Walk Like a Man is a 1987 American comedy film about a young man who finally returns to his high-society family after having been raised by wolves. The film is the last one to be directed by Melvin Frank. It stars Howie Mandel, Christopher Lloyd, Amy Steel, and Cloris Leachman. It was released to theaters on April 17, 1987.


Henry Shand goes to Alaska to search for gold and find his fortune. While there, his spoiled brat of a son, Reggie, gets mad that he has to work for money. What further angers him is the fact that he has to share the dogsled with his two-year-old brother Robert, nicknamed "Bobo". Reggie decides to take matters into his own hands and pushes the toddler off the sled, leaving him to die in the wintery Klondike wilderness.

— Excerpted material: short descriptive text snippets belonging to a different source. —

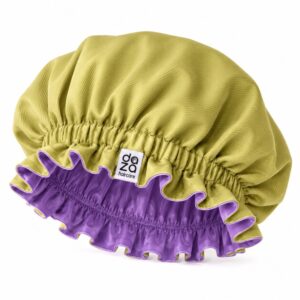 2565D3B0-826E-4928-9CB1-6793E799C134_1_105_c Boneta din satin reversibila DAZA Haircare Double Face Chartreuse & Purple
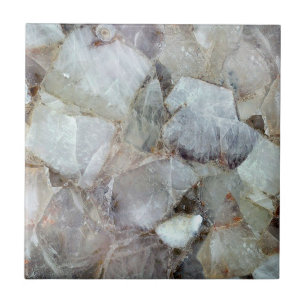 Carreau Arrière-plan d'impression à quartz blanc classique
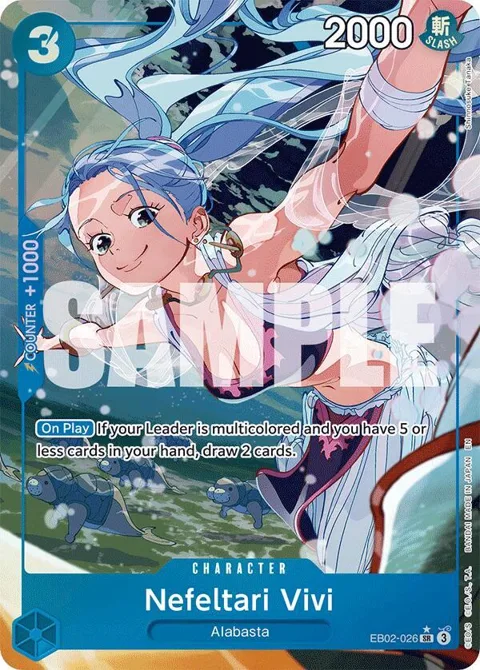 Nefeltari Vivi Alt Art EB02-026 One Piece card from Extra Booster: Anime 25th Collection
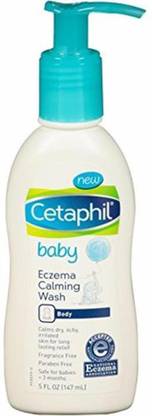 Cetaphil Baby Eczema Calming Wash (Body) - 147ml (5oz) (Pack of 2)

Some twenty years later, Henry has died, giving Reggie a large inheritance of thirty million dollars. Reggie foolishly spends it within a year, causing his new bride, Rhonda, to become an angry alcoholic, as they have gone broke and had to move back in with Reggie's mother, Margaret. Margaret has gone insane since Bobo's disappearance and Henry's death, and has now spent much of the family's fortune on buying homes for stray cats.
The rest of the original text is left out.